De ese celo se careció durante la tramitación del contrato germen de la polémica. Faltaron actuaciones de supervisión rigurosas e imparciales que hubieran advertido la estrecha vinculación entre el “experto” y los responsables de la tramitación, la inutilidad -cuando no, falsedad- de la declaración personal del experto de inexistencia de conflicto, los cambios de criterio de algunas valoraciones… Una verificación que hubiera acreditado, como se comprobó por el Defensor del Pueblo y se confirmó durante el proceso, la existencia de un conflicto de intereses, lo que generó una desventaja y, con ello, la vulneración del principio de igualdad de trato de los empresarios.
A partir de ahí, analizó el Tribunal General la posible responsabilidad patrimonial de la Comisión (art. 384 TFUE). La mercantil había apuntado notables perjuicios. Entre otros citaba: los gastos de participar en el procedimiento de licitación, la pérdida del beneficio por no ser la adjudicataria, la pérdida de oportunidad de otros contratos, los costes de la impugnación, así como los intereses que compensaran el tiempo transcurrido desde que tuvo noticia del acuerdo de la formalización del contrato con otra corporación… Y el Tribunal admite la acreditación de algunos, a saber: que ciertamente perdió una oportunidad real y concreta de haber sido la adjudicataria del contrato. Recordemos que la valoración de su oferta había quedado en segundo lugar, pero también que correos electrónicos con el experto habían influido en algunos cambios de criterio. Además, se estima su petición de que le sean abonados los gastos derivados de la presentación al concurso. Algo inusual, pues normalmente los contratistas deben asumir todos aquellos costes que origina su participación en una convocatoria. Sin embargo, en este caso, al existir unas infracciones en el procedimiento de adjudicación, se califican tales gastos como inútiles y, por ello, reembolsables. Igualmente, se reconoce el derecho a ser compensado por el interés legal del dinero. No obstante, el Tribunal General ofrece la posibilidad de que las partes lleguen a un acuerdo para fijar la cuantía total de la indemnización en el plazo máximo de tres meses, cuyo transcurso infructuoso originará nuevas actuaciones ante la misma Sala.
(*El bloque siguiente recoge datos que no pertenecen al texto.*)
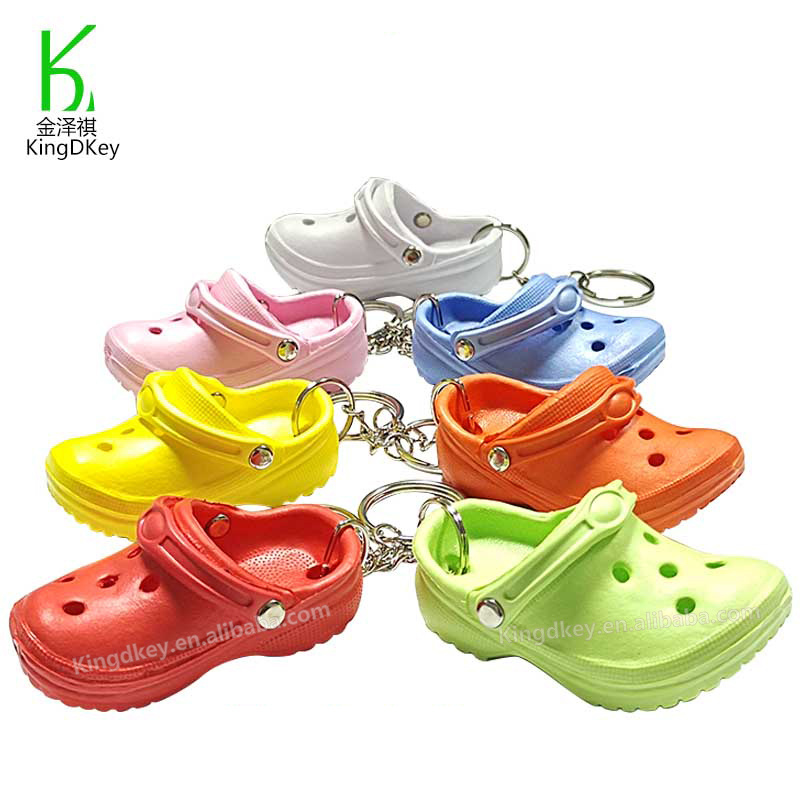 2022 EVA Custom Summer keyring Colorful CROC keychain Creative Mini 3D Beach Shoes black CROC Keychain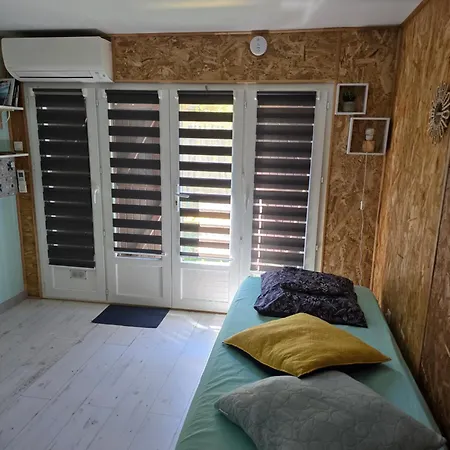 Studette Avec Terrasse Privee Apartamento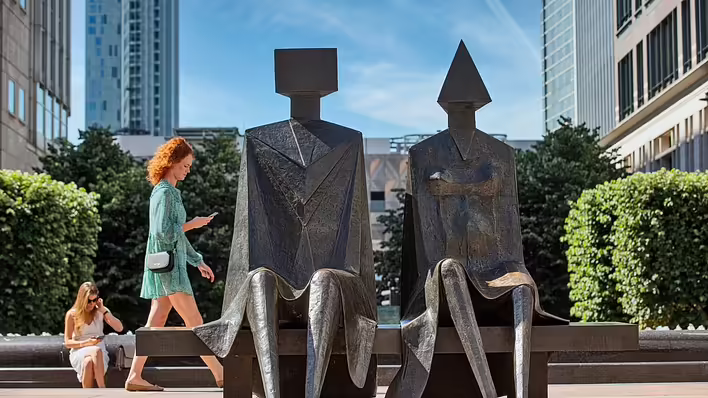 «Пара на сидінні» Лінн Чедвік. Лондон («Б’ютифікація» публічного простору) "Джерело - nationalgeographic"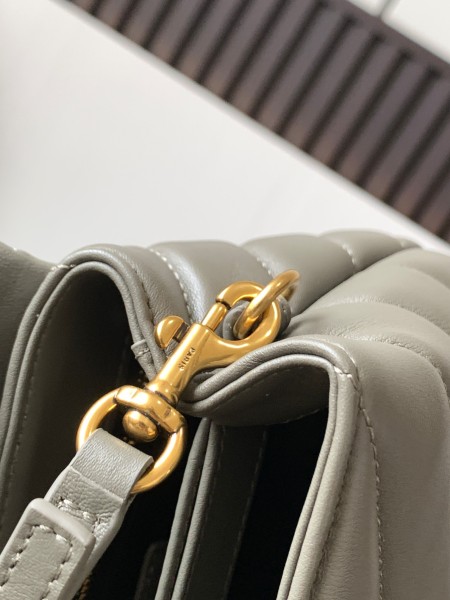 SAINT LAURENT LOULOU Leather Crossbody Bag, Shoulder Bag Women's Gray Pea Green 678401-DV707-1229 size 20*7.5*14cm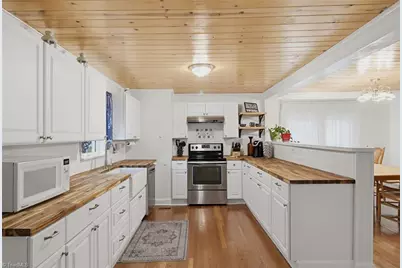 4681 Gumtree Road, Wallburg, NC 27107 - Photo 17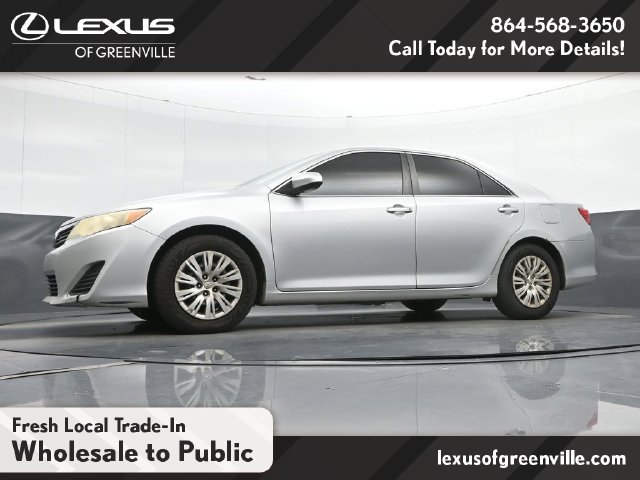 Used 2014 Toyota Camry FWD image 20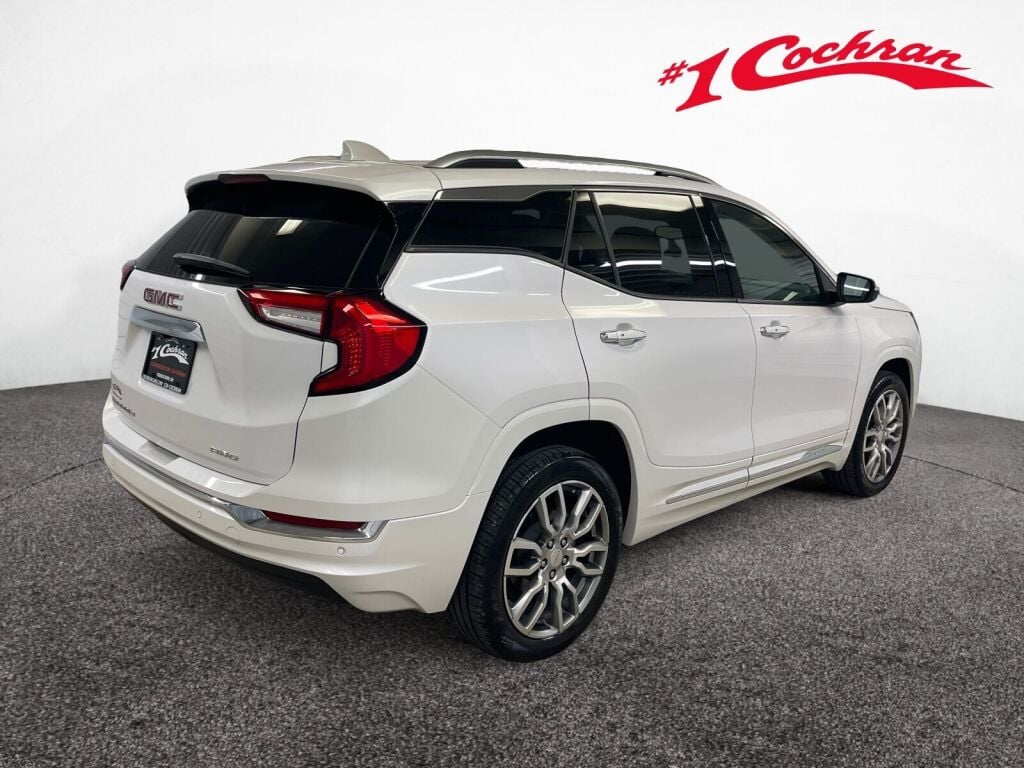 2023 GMC Terrain Denali - Photo 28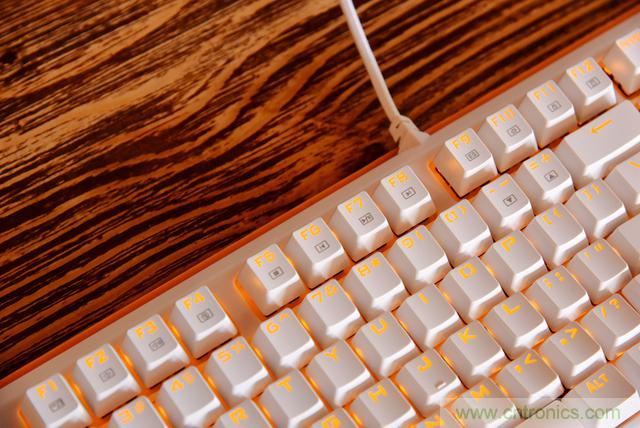 左手寫愛，右手寫他——從此鍵盤鼠標(biāo)不分家！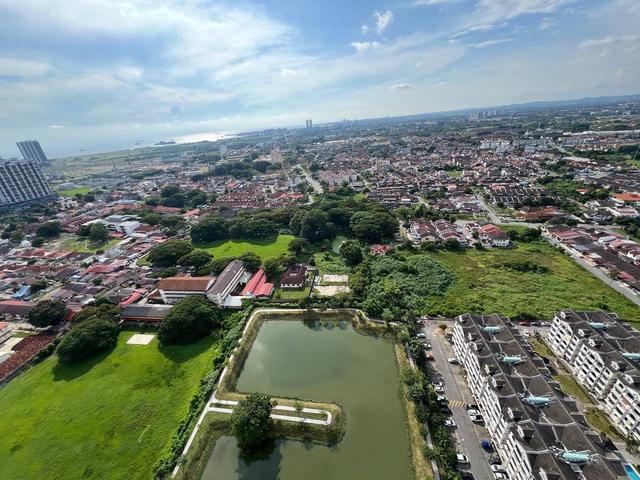Condominium for rent in Malaka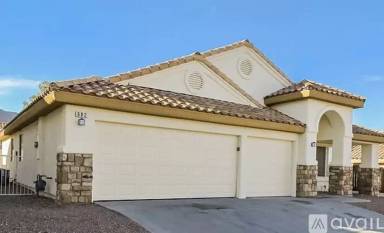 Main picture of 682 Covina Dr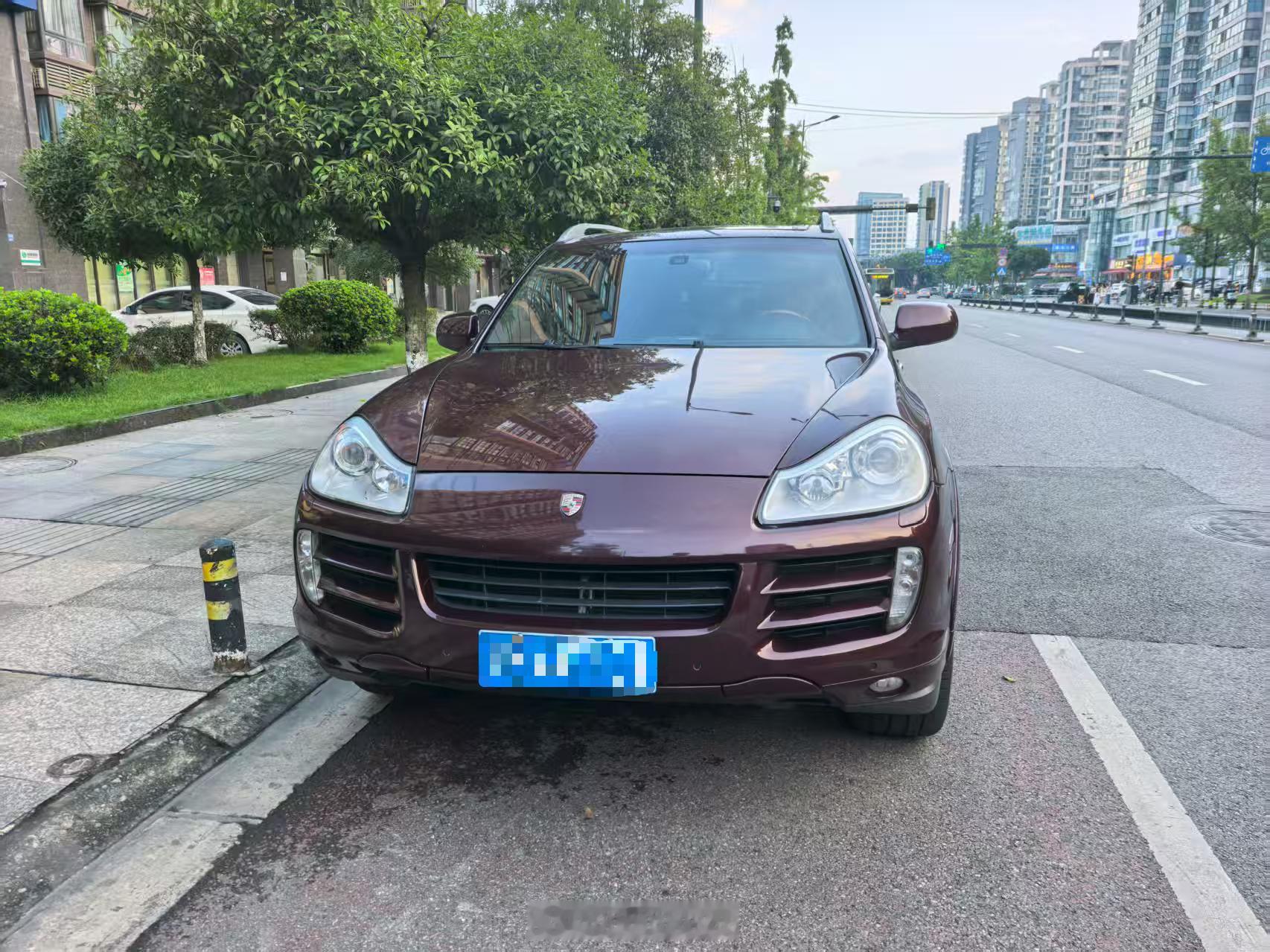 丑爆了，幸亏它叫保时捷。不然，就卖五六万的料了​​​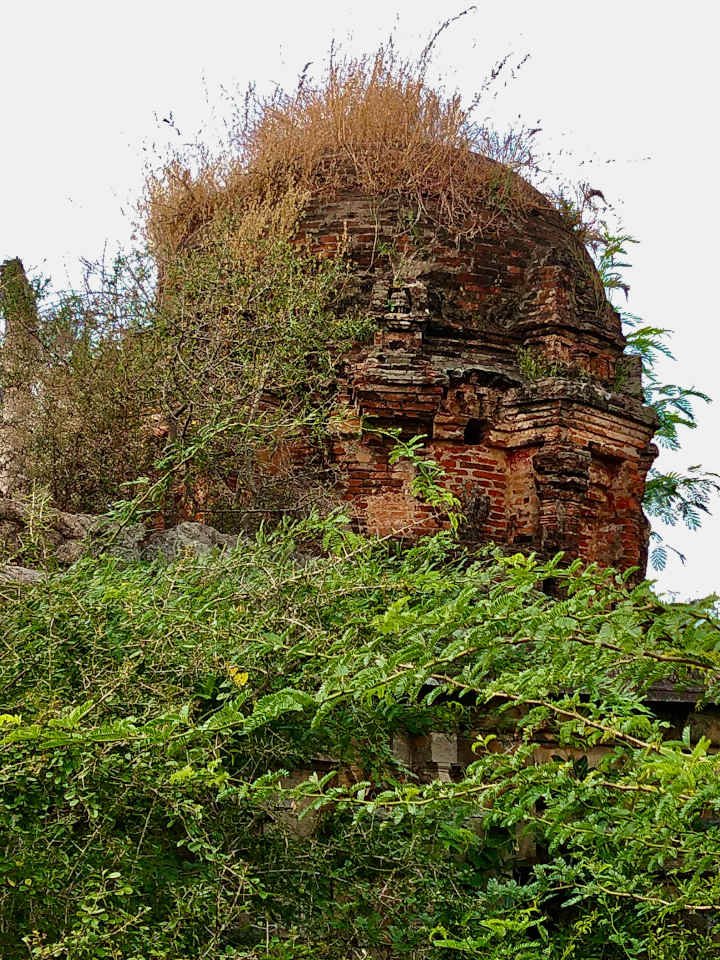 The dome of the dilapidated Temple near the ancient Buddha statue of Ulagiyanallur, Kallakurichi.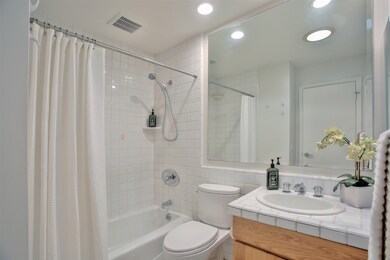 1st floor 1/2 bath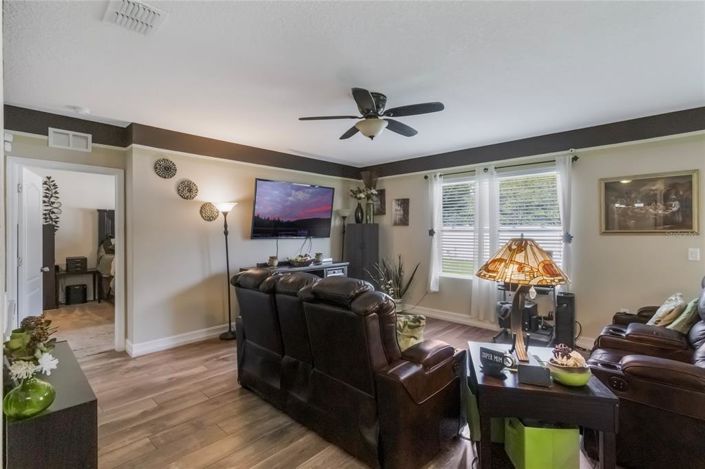 Image No.5-5 Bed Property for sale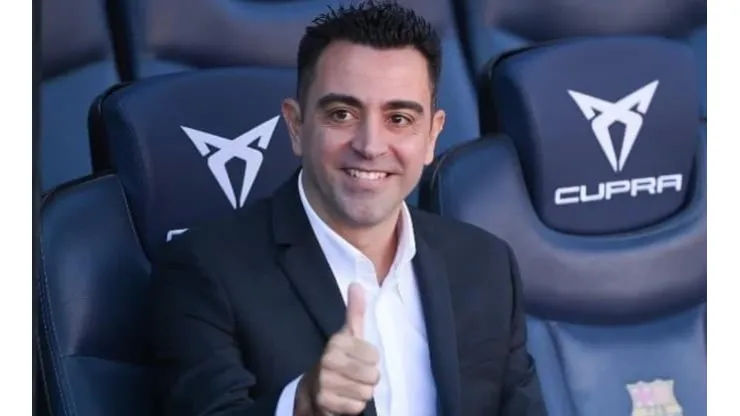 Sem esconder admiração, Xavi se rende ao talento de atacante do Barcelona: "Contratação espetacular"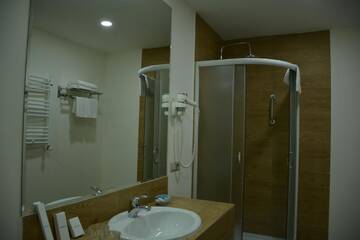 Фото номера Люкс с 2 односпальными кроватями Отель Best Western Tbilisi Art Hotel г. Тбилиси 5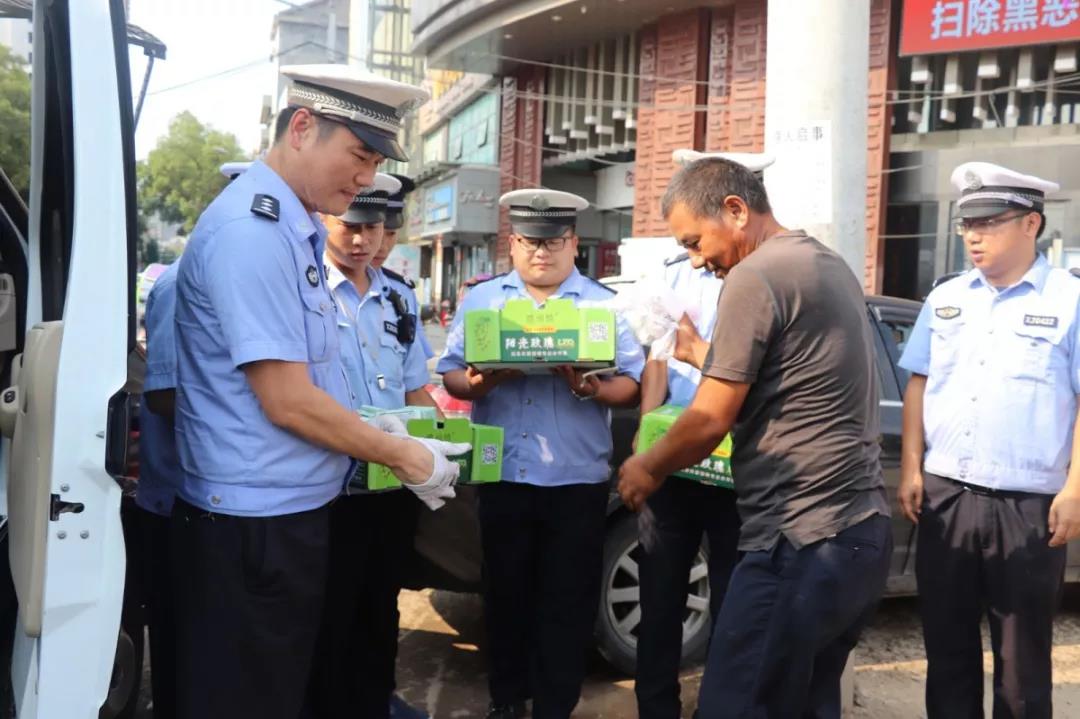 【一線慰問(wèn)】為堅(jiān)守在一線的民輔警點(diǎn)贊！澧縣公安局開(kāi)展夏日“送清涼”活動(dòng)(圖1)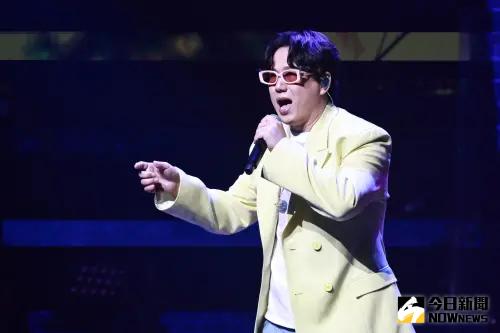 蕭煌奇寫歌送親姊！自爆她曾是專屬司機：載我去唱民歌還會捉弄我
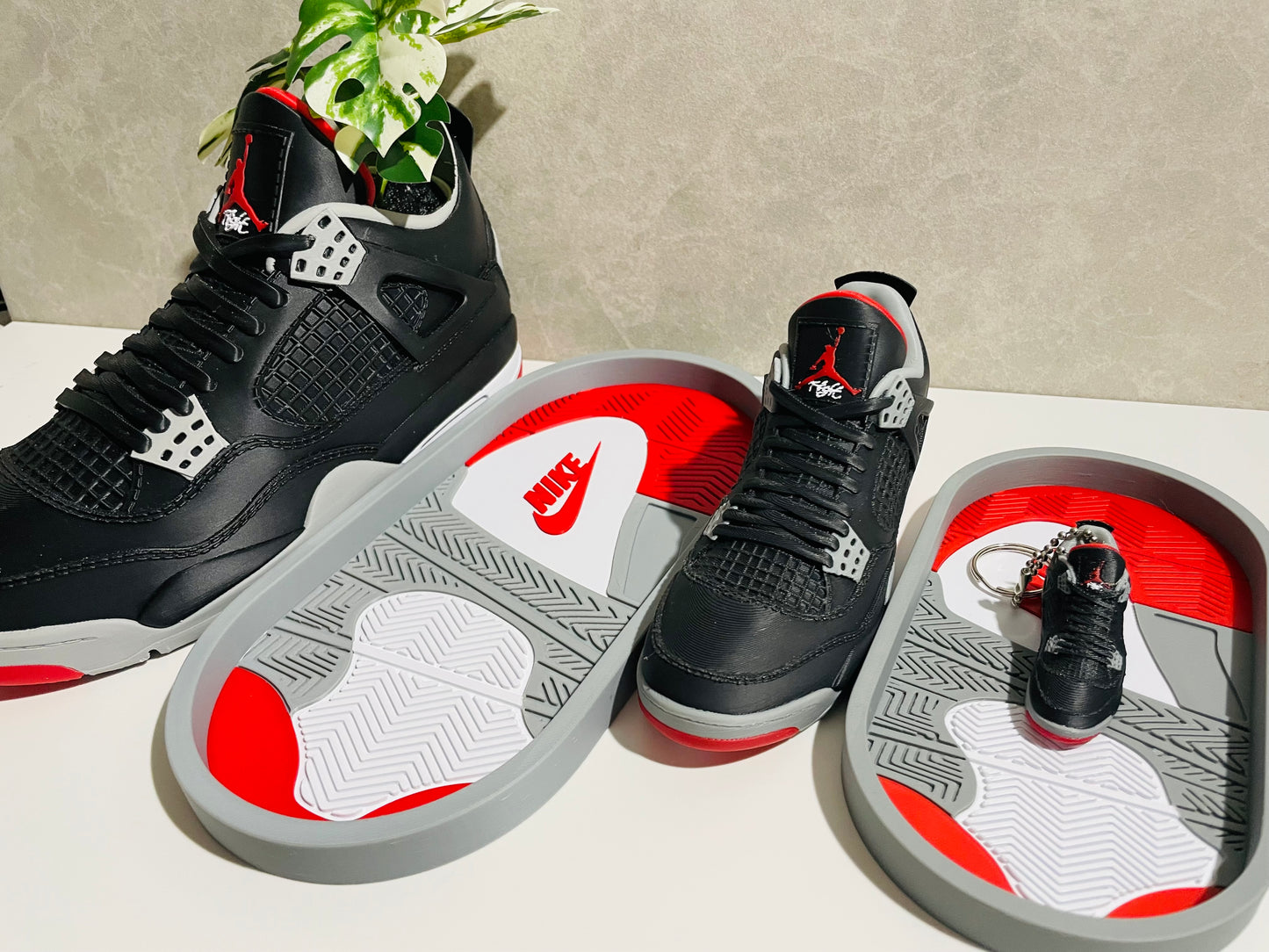 Jordan 4 Bred Trinket/Catch all tray
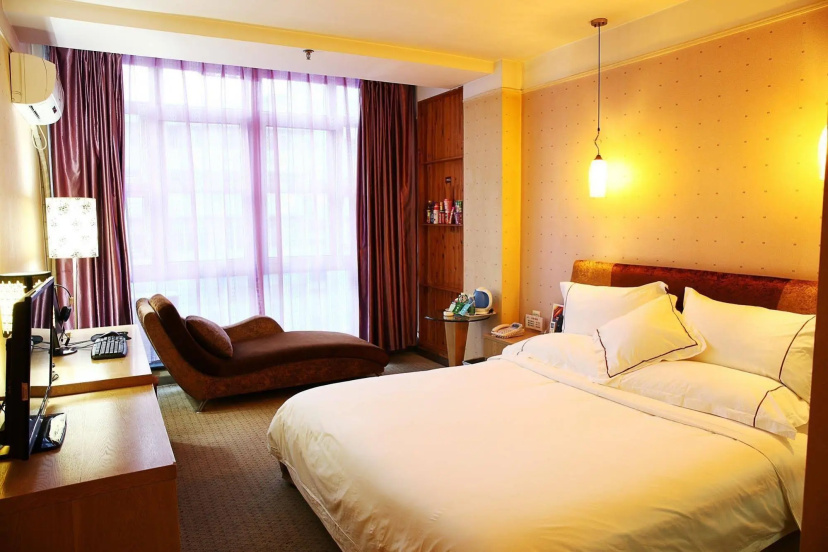 Цены на Junyi Hotel в Чэнду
¿Qué poso queda tras la lectura? La insistencia en una exquisita diligencia de toda actuación administrativa para que se haga realidad el derecho de los ciudadanos y empresarios a una “buena administración”. Una actuación que ha de ser rigurosa e imparcial porque, en caso contrario, origina el deber de satisfacer una cuantiosa indemnización que, aunque se abone por la cuenta del Tesoro público correspondiente, es patrimonio común.
Es cierto que la Ley de contratos contiene suficientes preceptos para garantizar que todas las Administraciones y organismos respeten la igualdad de trato y eviten los conflictos de intereses (recuerdo ahora sólo los artículos 64, 70 y 132 LCSP). Sin embargo, me atrevo a lanzar otra consideración: ¿por qué no avanzar en la incompatibilidad para participar en convocatorias por parte de aquellos grupos de empresas que hayan asistido a la preparación del contrato? El artículo 70 de la Ley sólo lo prohíbe en pocos casos -entre otros, los de dirección o control para garantizar la mínima objetividad de esas prestaciones-. Pero una medida en tal sentido podría evitar la concentración de grandes corporaciones, facilitaría sobre todo abrir el mercado y, con ello, el mantenimiento de las pequeñas y medianas empresas que, no olvidemos, son ahora objeto de especial cuidado por la nueva regulación.